A lightweight “guided demo” layer for React apps:

Readme

ITK-Corteo (Demo Mode)

A lightweight “guided demo” layer for React apps:

  • Record real user interactions (click/input/select/accordion + URL changes)
  • Play them back with a spotlight, coachmarks, and draggable controls
  • Load demo configs from static JSON via a simple manifest

In this repo the package name is itk-corteo.

Installation

bun add itk-corteo

Peer deps: react, react-dom, react-router-dom, theme-ui.

Quick Start

  1. Serve your demo configs (a manifest.json + one or more *.json configs).

Example structure (matches this repo’s playground):

public/
  demos/
    manifest.json
    test-form-demo.json
  1. Wrap your app with DemoMode.
import { DemoMode } from 'itk-corteo';

export function App() {
  return (
    <DemoMode enabled={true} configSrc="/demos">
      {/* your app */}
    </DemoMode>
  );
}
  1. Open the command palette with Ctrl/Cmd + Shift + D, then select a demo.

Components

DemoMode

The top-level provider + UI shell (command palette + player overlay + recorder UI).

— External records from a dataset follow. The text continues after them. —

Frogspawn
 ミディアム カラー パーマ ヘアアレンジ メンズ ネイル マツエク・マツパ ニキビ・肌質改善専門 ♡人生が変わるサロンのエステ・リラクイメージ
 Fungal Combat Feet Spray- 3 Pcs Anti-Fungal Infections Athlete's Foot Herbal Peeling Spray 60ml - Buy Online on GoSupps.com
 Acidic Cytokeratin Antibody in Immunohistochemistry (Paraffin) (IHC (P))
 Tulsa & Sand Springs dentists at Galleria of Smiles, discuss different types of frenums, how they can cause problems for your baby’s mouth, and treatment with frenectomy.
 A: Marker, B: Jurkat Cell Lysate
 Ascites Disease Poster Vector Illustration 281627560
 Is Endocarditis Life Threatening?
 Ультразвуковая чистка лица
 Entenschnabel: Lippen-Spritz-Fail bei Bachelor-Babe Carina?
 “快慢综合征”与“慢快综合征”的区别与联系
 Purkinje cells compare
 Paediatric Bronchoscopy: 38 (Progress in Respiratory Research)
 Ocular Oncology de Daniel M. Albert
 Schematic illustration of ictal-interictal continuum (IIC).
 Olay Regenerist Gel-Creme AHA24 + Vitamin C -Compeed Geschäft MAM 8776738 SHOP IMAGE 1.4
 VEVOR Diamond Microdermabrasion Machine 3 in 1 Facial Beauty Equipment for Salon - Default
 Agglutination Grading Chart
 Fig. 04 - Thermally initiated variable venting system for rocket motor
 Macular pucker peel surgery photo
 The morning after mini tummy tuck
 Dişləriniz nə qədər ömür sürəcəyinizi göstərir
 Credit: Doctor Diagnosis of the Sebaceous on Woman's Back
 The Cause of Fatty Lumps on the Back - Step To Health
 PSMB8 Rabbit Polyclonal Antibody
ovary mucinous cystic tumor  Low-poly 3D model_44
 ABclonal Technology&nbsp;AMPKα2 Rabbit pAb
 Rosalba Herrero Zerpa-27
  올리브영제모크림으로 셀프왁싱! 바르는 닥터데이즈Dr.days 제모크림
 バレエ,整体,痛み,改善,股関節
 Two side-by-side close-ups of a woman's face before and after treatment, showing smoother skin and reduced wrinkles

export interface DemoModeProps {
  configSrc: string;
  enabled: boolean;
  children: React.ReactNode;
}
  • enabled=false makes DemoMode a no-op (renders children only).
  • configSrc is the base URL for demo assets; DemoMode fetches:
    • ${configSrc}/manifest.json
    • each ${configSrc}/{file} listed in the manifest

DemoRecorder

Optional, but recommended in development: adds a “recording HUD” and save dialog.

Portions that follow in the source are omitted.